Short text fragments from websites
--- START ---

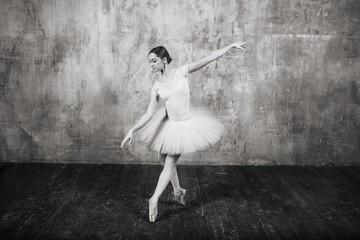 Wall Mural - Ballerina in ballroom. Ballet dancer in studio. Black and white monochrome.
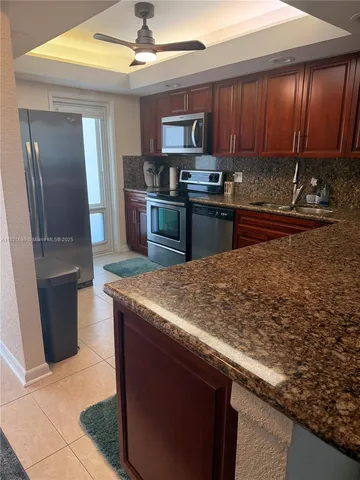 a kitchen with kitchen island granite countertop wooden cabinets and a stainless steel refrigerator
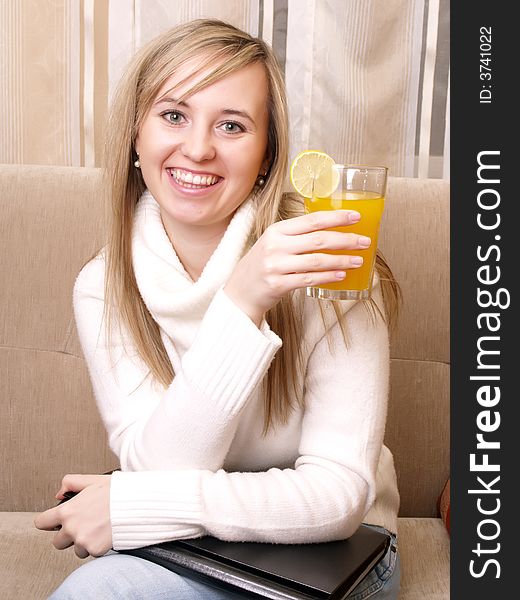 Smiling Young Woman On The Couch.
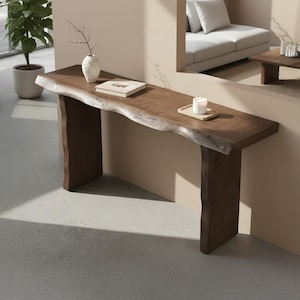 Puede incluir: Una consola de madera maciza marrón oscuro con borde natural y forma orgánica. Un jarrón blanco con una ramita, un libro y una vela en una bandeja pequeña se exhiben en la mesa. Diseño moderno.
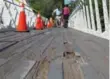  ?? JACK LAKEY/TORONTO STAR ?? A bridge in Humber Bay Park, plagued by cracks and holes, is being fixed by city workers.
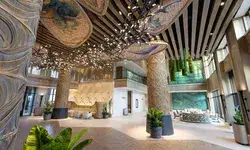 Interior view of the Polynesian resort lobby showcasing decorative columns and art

--- END ---

__Required action__:
In the records above, find the line that contains "by city workers.". Print it and every later line exactly, omitting the pictures.

__Expected answer__:
  ?? JACK LAKEY/TORONTO STAR ?? A bridge in Humber Bay Park, plagued by cracks and holes, is being fixed by city workers.
 Interior view of the Polynesian resort lobby showcasing decorative columns and art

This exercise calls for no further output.